As one might expect, Cary-Grove was a bit slow to get things going on both sides of the ball. The Trojans went three-and-out and had two costly holding penalties early. Then, D-C showed it wouldn’t be intimidated, going on a 12-play, 62-yard drive that ended in a 5-yard touchdown pass from Zach Randl to Henry Kennedy to make it 7-0 after the first quarter.
Dundee-Crown moved the ball like that most of the night, playing virtually mistake-free football with workhorse Keegan Otte pounding his way to 158 yards on a mammoth 35 carries, while Randl operated the short passing game well most of the night.
However, as would soon be shown, that slow and steady approach, as successful as it was, just couldn’t measure up to Cary-Grove’s ability to produce big chunk plays, something that was set up by a huge defensive moment.

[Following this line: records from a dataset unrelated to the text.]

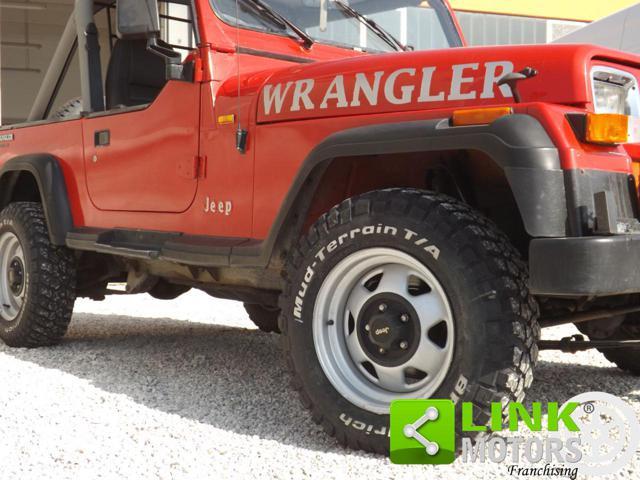 JEEP Wrangler 2.5 Laredo in ordine di carrozzeria e meccanica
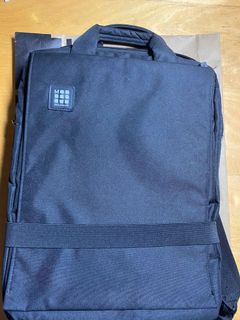 （分類：）位於 。 由 thriftingaround 提交（商品編號 1002628858，圖片 1）。簡介： 。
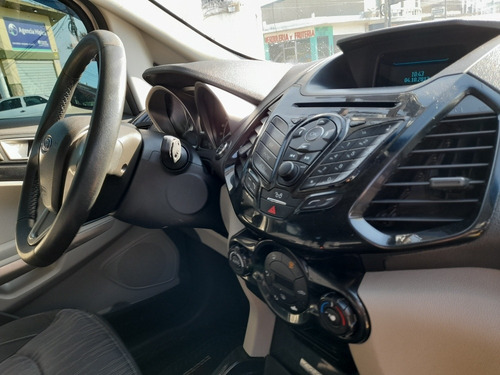 Imagen 11 de 15 de Ford Ecosport 2013 1.6 Titanium 110cv 4x2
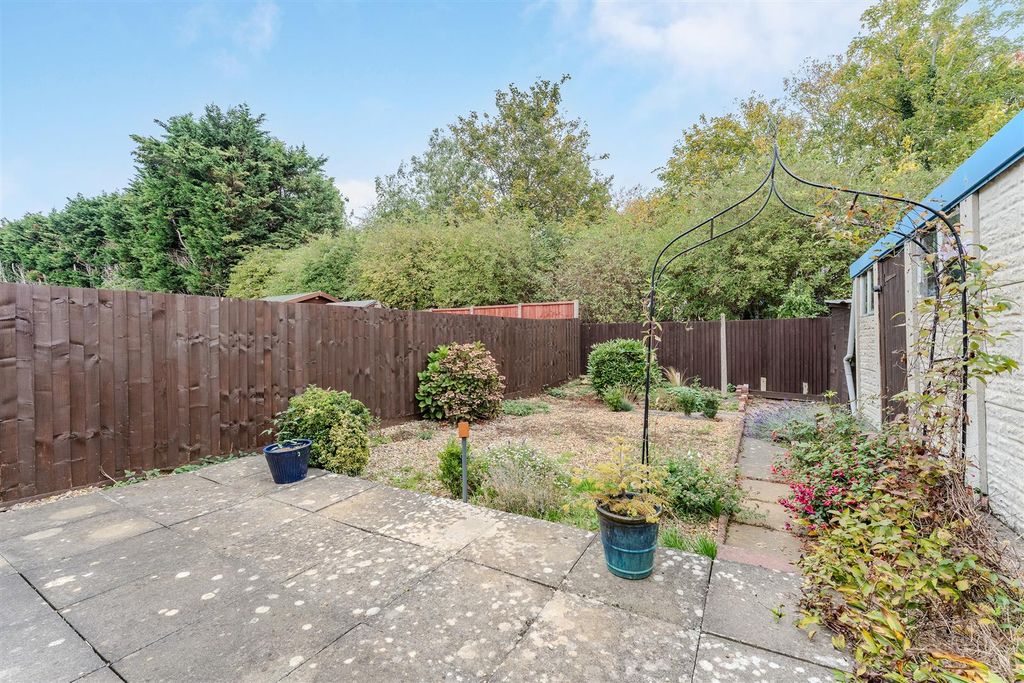 Property photo 2 of 16 Garden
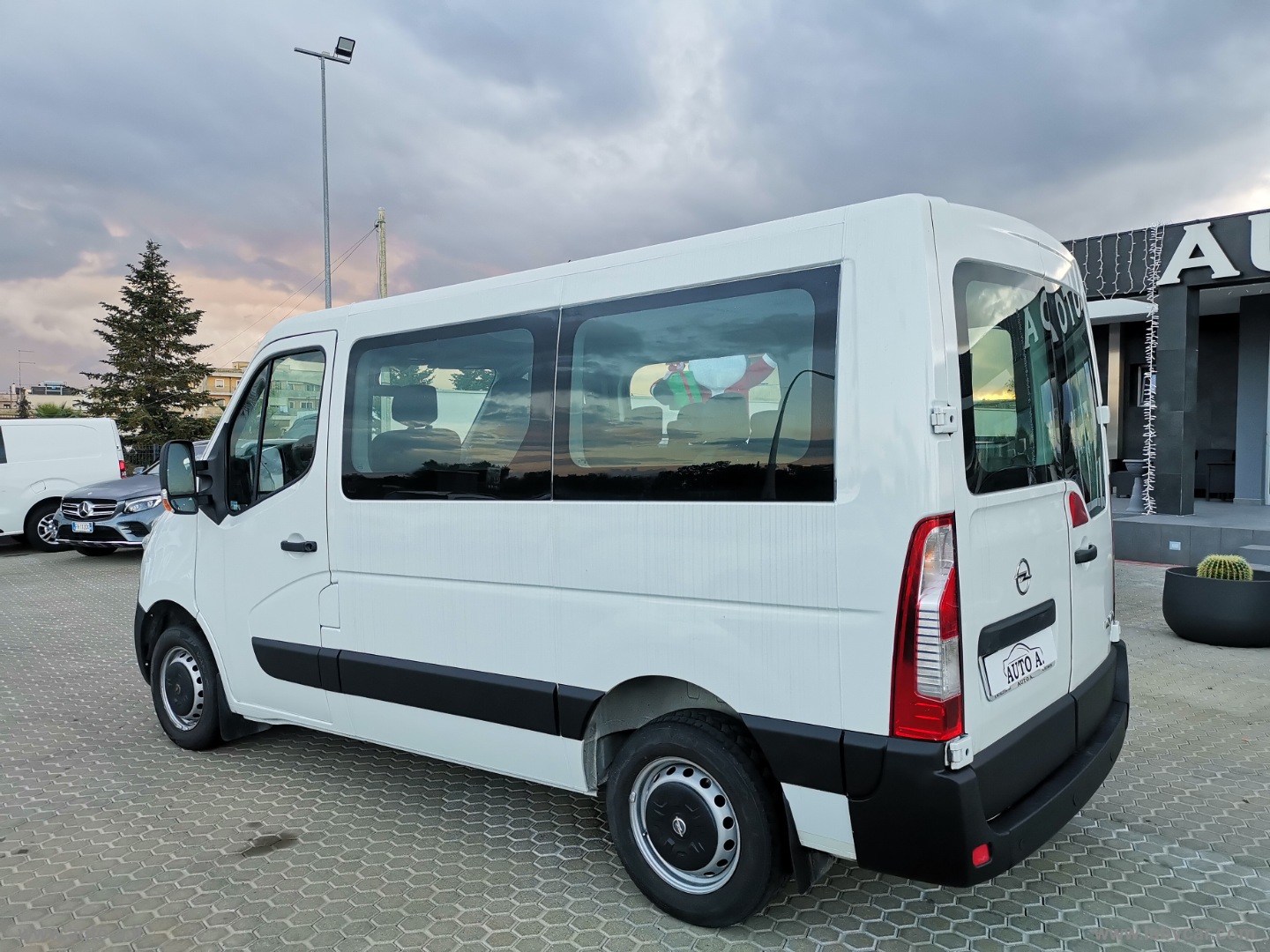 MOVANO 2.3 BITURBO 145 CV S&S COMBI 9 POSTI - immagine 6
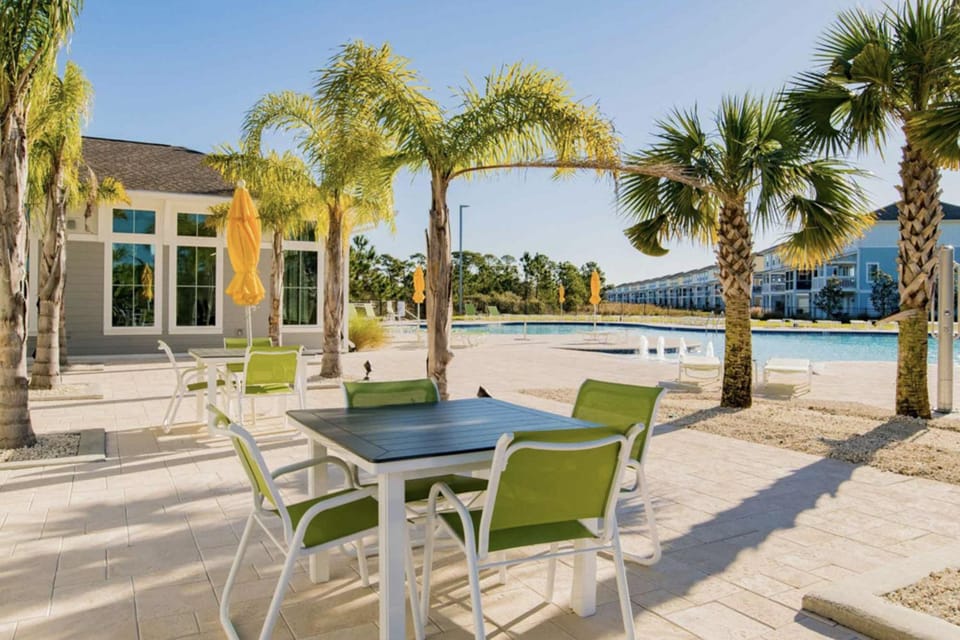 Pretty townhome with pools & hot tub - less than half-mile to beach Villa in Perdido Key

With the Chargers up 7-6 midway through the second, the Trojans stuffed a short sneak run on fourth and 1 in Dundee-Crown territory. Three plays later, Andrew Prio hit the corner and made a man miss on his way to a 24-yard touchdown run and a 13-7 Trojans’ lead.
That was just the beginning. Late in the half, Mykal Kanellakis fought through two tackles and raced 66 yards on a scoring pass play. Then, on the first play of the second half, Colin Desmet hit the hole and was hardly touched on his way to a 59-yard scoring run that blew the score open at 27-7.
From that stop on fourth down until the end of the game, Cary-Grove averaged 16.5 yards per play. Desmet led the way with 142 yards and two touchdowns.
“It was a big stop for us, and it really shifted the momentum in the game I feel like,” said Prio, who added a 23-yard score in the second half and wound up with 102 yards on the ground. “We had a great drive after that. It was a big moment.”
Dundee-Crown twice cut the lead down to two possessions following a five-yard scoring run from Otte and a six-yard pass from Randl to Anthony Aguilar. Those two connected 10 times for 91 yards.
But the Chargers could not get the stop needed defensively to pull the shocker.
“They stopped us on the sneak, and then we had two third downs where we just didn’t execute,” D-C coach Mike Steinhaus said. “And when you play a great team like that and a great program, we don’t score there and they do. That’s the difference in the game. It’s a three-touchdown difference on the three stops that they got on us.”